EXERCISE AIM = Transcribe exactly the span of lines that begins the records and ends with the line holding "Post-it® Lecteur de", both boundary lines included.
*** Block opens ***
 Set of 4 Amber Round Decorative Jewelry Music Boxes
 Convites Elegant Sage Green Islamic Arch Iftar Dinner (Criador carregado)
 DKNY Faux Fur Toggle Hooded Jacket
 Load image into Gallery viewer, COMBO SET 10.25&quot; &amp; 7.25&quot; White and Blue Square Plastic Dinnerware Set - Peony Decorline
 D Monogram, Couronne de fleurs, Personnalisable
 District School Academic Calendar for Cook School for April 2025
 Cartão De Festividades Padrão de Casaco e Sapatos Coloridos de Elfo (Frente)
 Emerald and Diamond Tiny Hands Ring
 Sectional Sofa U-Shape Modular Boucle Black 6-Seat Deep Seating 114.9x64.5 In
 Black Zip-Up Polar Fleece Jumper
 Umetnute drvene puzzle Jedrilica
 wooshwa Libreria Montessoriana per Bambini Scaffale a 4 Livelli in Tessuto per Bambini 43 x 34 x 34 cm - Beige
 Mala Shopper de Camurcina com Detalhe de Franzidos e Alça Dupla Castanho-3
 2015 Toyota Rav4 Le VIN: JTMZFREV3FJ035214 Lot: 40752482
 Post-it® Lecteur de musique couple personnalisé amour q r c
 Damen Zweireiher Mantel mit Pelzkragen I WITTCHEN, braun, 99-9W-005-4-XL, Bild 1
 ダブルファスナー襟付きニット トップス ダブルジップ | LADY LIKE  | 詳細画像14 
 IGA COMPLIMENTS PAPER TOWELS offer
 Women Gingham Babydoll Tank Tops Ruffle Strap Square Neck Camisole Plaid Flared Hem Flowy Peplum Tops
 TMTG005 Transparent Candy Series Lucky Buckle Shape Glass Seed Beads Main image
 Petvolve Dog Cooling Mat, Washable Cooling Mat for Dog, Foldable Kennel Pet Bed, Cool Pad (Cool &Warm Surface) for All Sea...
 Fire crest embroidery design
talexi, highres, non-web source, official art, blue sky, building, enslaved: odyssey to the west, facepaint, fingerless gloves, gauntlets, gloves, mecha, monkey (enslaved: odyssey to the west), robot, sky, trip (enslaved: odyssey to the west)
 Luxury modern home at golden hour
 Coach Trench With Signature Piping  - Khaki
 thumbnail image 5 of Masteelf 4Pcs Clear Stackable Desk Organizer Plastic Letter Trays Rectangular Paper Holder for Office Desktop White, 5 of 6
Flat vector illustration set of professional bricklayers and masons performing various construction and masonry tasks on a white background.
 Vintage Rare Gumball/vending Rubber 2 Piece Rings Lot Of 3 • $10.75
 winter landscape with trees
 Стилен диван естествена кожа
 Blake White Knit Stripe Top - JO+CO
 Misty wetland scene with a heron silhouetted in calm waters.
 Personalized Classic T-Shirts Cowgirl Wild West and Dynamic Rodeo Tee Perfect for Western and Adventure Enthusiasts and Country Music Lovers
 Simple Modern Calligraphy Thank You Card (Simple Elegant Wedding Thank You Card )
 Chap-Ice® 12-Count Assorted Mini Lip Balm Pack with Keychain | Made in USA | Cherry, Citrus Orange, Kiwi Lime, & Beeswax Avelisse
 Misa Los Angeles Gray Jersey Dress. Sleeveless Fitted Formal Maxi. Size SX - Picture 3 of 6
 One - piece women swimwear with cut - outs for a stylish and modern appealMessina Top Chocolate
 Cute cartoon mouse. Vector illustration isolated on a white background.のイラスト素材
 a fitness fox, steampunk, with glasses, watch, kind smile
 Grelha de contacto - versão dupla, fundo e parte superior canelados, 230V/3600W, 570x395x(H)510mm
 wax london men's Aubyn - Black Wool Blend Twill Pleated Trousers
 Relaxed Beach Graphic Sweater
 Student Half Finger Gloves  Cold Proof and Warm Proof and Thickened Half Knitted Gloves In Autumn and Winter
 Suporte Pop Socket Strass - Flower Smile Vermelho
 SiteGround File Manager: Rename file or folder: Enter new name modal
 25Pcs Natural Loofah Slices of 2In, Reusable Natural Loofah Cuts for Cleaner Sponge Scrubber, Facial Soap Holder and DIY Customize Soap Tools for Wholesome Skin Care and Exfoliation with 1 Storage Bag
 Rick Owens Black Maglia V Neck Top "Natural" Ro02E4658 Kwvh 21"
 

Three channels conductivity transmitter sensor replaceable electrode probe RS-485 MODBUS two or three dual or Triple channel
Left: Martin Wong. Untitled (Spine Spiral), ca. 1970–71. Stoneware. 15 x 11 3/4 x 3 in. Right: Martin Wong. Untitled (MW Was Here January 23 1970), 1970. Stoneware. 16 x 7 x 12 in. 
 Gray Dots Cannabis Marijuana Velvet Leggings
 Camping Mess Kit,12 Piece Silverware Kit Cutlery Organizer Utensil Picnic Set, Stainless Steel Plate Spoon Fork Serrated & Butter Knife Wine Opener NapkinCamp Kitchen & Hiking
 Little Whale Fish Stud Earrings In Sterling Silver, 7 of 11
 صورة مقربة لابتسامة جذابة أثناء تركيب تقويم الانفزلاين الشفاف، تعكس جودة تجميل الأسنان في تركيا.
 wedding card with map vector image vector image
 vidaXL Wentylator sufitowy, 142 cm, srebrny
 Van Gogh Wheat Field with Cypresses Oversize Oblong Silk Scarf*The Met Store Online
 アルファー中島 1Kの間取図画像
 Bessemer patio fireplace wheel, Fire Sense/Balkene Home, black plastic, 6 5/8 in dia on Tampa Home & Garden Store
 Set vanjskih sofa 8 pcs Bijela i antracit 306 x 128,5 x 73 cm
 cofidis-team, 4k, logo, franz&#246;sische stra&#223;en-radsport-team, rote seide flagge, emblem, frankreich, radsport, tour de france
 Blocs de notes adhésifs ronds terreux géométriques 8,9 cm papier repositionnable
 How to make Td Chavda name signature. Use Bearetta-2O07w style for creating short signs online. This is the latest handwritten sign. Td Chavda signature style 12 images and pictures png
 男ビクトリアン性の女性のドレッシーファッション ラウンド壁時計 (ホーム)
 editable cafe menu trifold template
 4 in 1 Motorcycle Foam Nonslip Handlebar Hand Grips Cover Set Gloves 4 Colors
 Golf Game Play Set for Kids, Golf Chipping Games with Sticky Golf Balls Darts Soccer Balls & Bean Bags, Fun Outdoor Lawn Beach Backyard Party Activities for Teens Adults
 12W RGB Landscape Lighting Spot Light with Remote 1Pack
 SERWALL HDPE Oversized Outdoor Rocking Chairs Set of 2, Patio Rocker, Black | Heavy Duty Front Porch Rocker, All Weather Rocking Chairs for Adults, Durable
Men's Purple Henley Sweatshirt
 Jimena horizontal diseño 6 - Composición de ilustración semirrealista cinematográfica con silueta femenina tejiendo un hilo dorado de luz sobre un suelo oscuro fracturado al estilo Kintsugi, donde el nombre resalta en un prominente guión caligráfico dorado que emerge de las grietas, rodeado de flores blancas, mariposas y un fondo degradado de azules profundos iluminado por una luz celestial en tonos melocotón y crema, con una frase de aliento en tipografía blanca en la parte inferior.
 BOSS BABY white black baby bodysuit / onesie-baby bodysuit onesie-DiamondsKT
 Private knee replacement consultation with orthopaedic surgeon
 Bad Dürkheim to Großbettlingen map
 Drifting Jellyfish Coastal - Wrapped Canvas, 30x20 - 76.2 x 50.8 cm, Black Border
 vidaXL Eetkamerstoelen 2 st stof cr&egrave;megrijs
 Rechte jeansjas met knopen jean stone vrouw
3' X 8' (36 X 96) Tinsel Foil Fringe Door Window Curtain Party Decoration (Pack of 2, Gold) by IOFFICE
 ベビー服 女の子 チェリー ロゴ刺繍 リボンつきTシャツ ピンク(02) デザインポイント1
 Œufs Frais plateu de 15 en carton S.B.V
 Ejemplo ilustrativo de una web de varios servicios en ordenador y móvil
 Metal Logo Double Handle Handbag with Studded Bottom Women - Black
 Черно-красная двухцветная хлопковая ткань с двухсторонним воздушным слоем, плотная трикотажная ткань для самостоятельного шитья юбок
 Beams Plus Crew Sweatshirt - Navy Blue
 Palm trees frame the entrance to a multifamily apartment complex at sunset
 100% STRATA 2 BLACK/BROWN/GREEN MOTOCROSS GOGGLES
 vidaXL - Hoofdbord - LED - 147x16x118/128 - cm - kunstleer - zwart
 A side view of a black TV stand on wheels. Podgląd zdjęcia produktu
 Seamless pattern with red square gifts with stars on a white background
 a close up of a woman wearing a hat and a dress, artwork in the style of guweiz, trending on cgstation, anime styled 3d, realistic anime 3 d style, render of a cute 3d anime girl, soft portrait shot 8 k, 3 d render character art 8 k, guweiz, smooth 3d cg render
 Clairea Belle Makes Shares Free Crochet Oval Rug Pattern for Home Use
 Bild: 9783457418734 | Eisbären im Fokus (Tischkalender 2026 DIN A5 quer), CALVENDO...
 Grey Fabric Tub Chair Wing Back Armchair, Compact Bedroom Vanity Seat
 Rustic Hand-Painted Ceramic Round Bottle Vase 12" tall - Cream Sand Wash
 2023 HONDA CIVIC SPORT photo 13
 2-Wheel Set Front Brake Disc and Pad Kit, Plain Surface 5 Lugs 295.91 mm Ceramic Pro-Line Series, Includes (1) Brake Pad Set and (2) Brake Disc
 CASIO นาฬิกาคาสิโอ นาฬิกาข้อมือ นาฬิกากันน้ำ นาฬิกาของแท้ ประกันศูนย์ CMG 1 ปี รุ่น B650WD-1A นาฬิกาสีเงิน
*** Block closes ***
REPLY TO THE TASK =
 Set of 4 Amber Round Decorative Jewelry Music Boxes
 Convites Elegant Sage Green Islamic Arch Iftar Dinner (Criador carregado)
 DKNY Faux Fur Toggle Hooded Jacket
 Load image into Gallery viewer, COMBO SET 10.25&quot; &amp; 7.25&quot; White and Blue Square Plastic Dinnerware Set - Peony Decorline
 D Monogram, Couronne de fleurs, Personnalisable
 District School Academic Calendar for Cook School for April 2025
 Cartão De Festividades Padrão de Casaco e Sapatos Coloridos de Elfo (Frente)
 Emerald and Diamond Tiny Hands Ring
 Sectional Sofa U-Shape Modular Boucle Black 6-Seat Deep Seating 114.9x64.5 In
 Black Zip-Up Polar Fleece Jumper
 Umetnute drvene puzzle Jedrilica
 wooshwa Libreria Montessoriana per Bambini Scaffale a 4 Livelli in Tessuto per Bambini 43 x 34 x 34 cm - Beige
 Mala Shopper de Camurcina com Detalhe de Franzidos e Alça Dupla Castanho-3
 2015 Toyota Rav4 Le VIN: JTMZFREV3FJ035214 Lot: 40752482
 Post-it® Lecteur de musique couple personnalisé amour q r c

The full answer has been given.